It’s kind of like Don’t Look Now meets Mystic River at the start, with a tone similar to Mommie Dearest (but maybe that’s just the deceptively innocent sounding title working its incidious charm, hehe). In the end it’s one of those 70s horror movies that “just works” despite its flaws, and I could’ve pretty confidently told you as much before even putting it on. I know that I say that often, but somehow I can’t help it. It’ll be interesting in 20 or 30 years to see if people 20 or 30 years younger than me start saying the same of the crappy teen “horrors” of this decade, that’ll be a real noodlebaker, but for now, I can just repeat what I’ve said before, that though the technical stuff was often sprayed on the wall like so many guts in these productions, they really knew how to up the freakout factor and haunt you, be it with music, images, blood, or sound.

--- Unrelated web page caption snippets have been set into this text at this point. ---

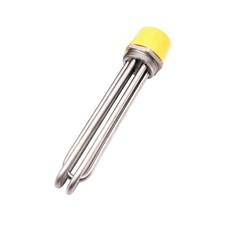 Heizstab 3x 4 kW Heizelement 230V Heizpatrone Wassererwärmung Heizstab 12 kW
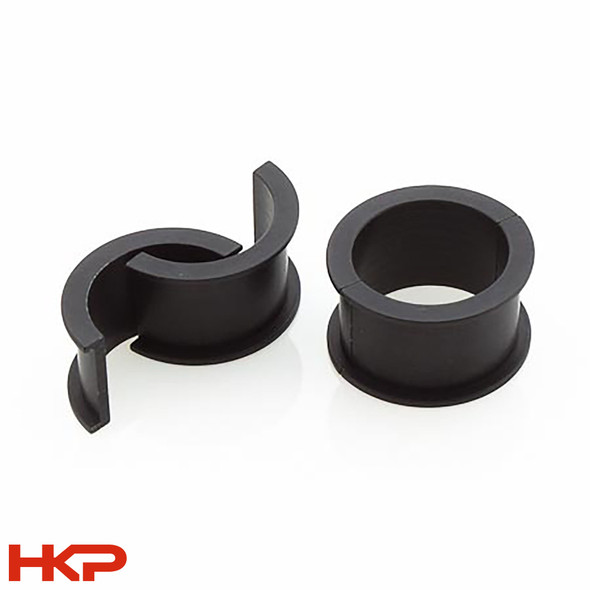 H&K Scope Mount Ring Set - 1 Inch For 30mm Scope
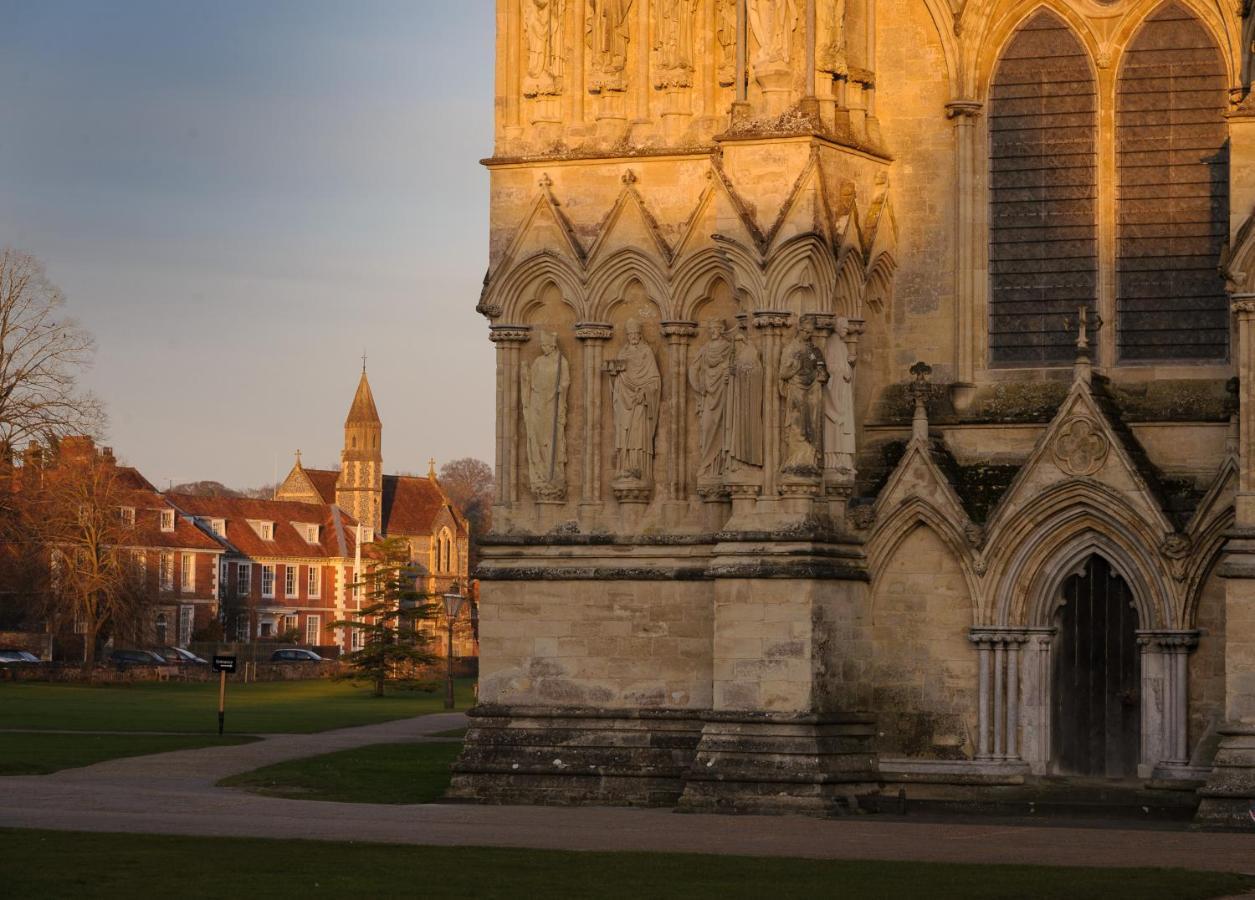 Sarum College Salisbury Extérieur photo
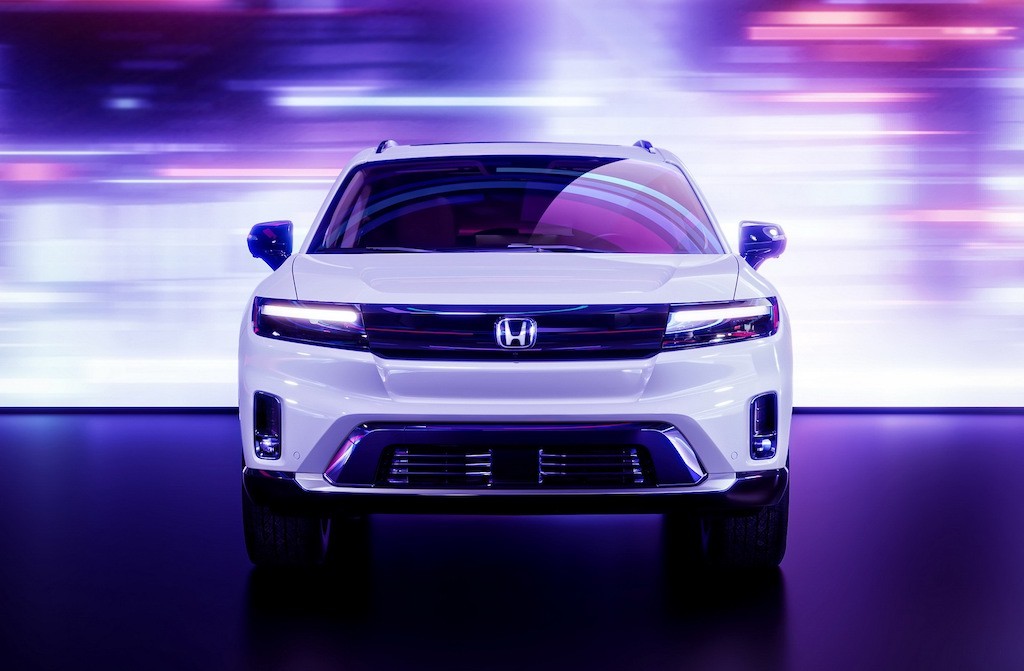 Công bố hình ảnh chi tiết SUV điện Honda Prologue đấu VinFast VF8 tại Mỹ: “mượn hồn” của Chevrolet nhưng thiết kế khác hẳn ảnh 3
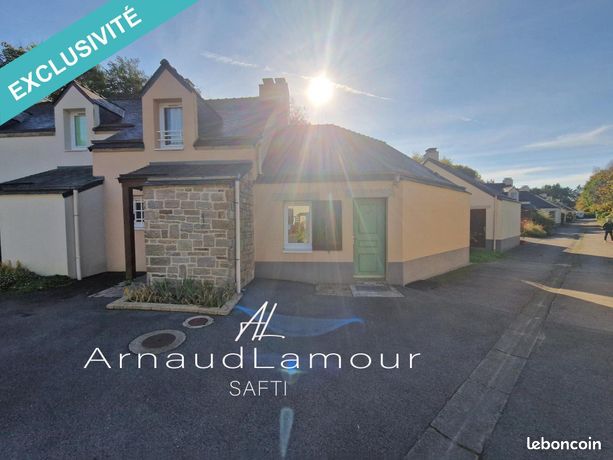 Maison 3 pièces 53 m²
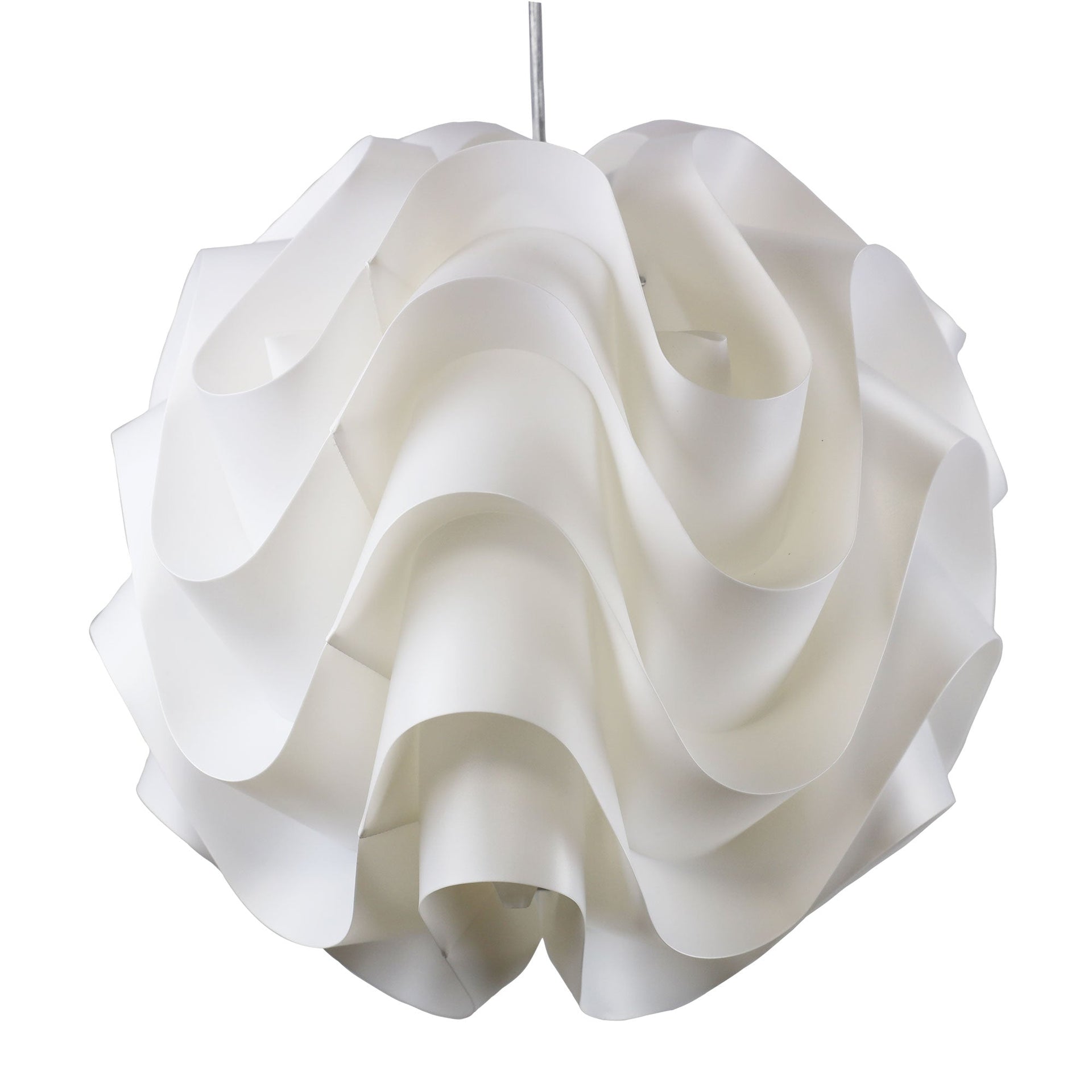 CHIC 43 Acrylic Retro Pendant Oriel Lighting
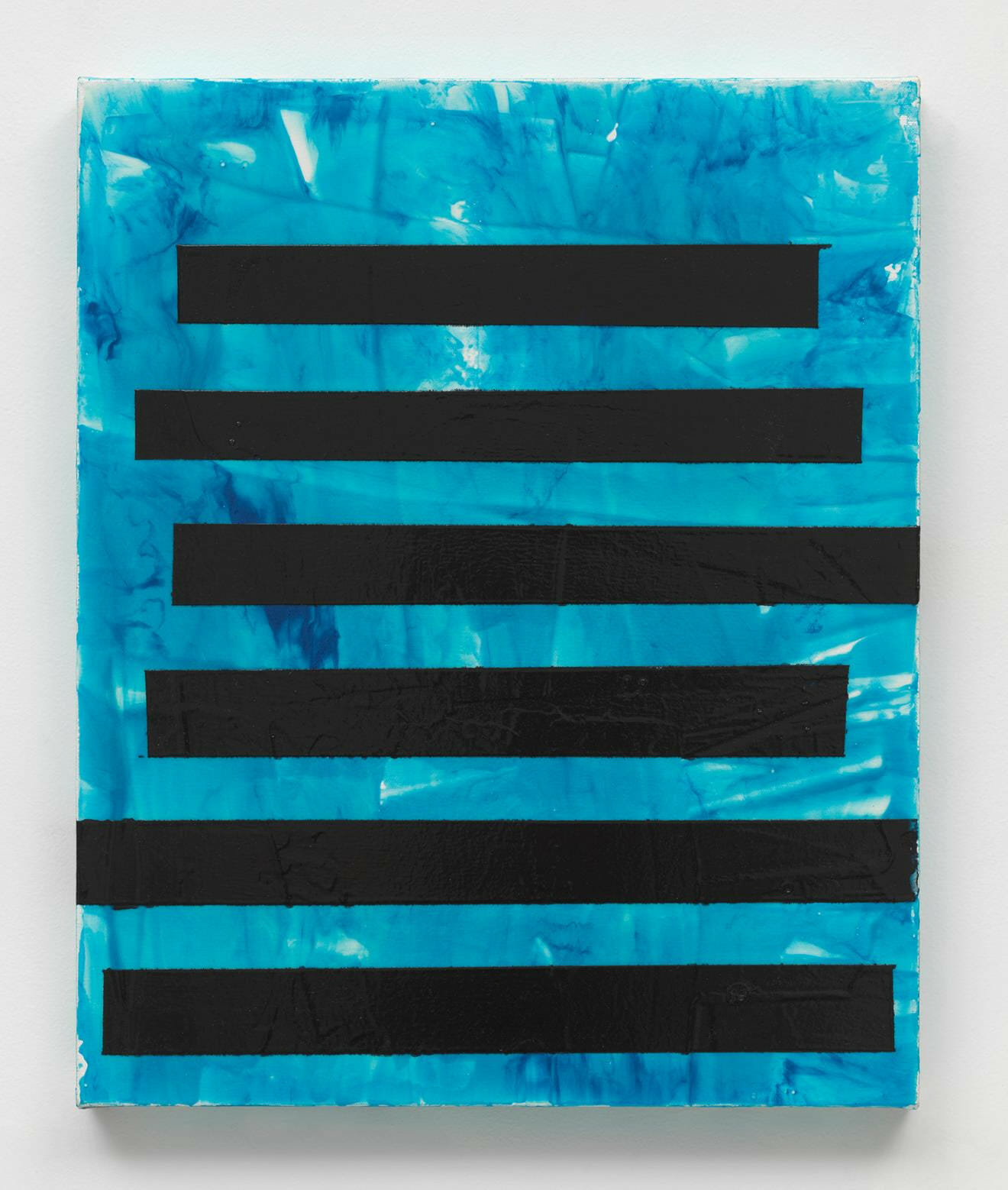 Tariku Shiferaw at Southampton African American Museum, New York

As I said the performances are lacking – it’d be easy to call the whole production frankly shocking, in fact. But such is the story that I’d prefer to call it abysmally stylised. Like Happy Birthday to Me, Bloody Birthday, the Slumber Party and Sleepover Camp movies, I’m even willing to give Black Christmas another shot … it was more worth my time than a lot of things lately.



The Wicker Man [1973]

The Wicker Man [1973]

Friday, May 2nd, 2008

The May Day staple :) Actually, I’m not sure if I’ve ever actually remembered to watch it on May 1st so this may actually be a first though it’s long been the plan. On this occasion I decided to watch the 15-minute-longer “director’s cut” – it took some deciding but in the end I remembered it’s really just the theatrical cut with deleted scenes spliced in so in a way you wind up watching both at the same time if you’re already familiar with the theatrical version.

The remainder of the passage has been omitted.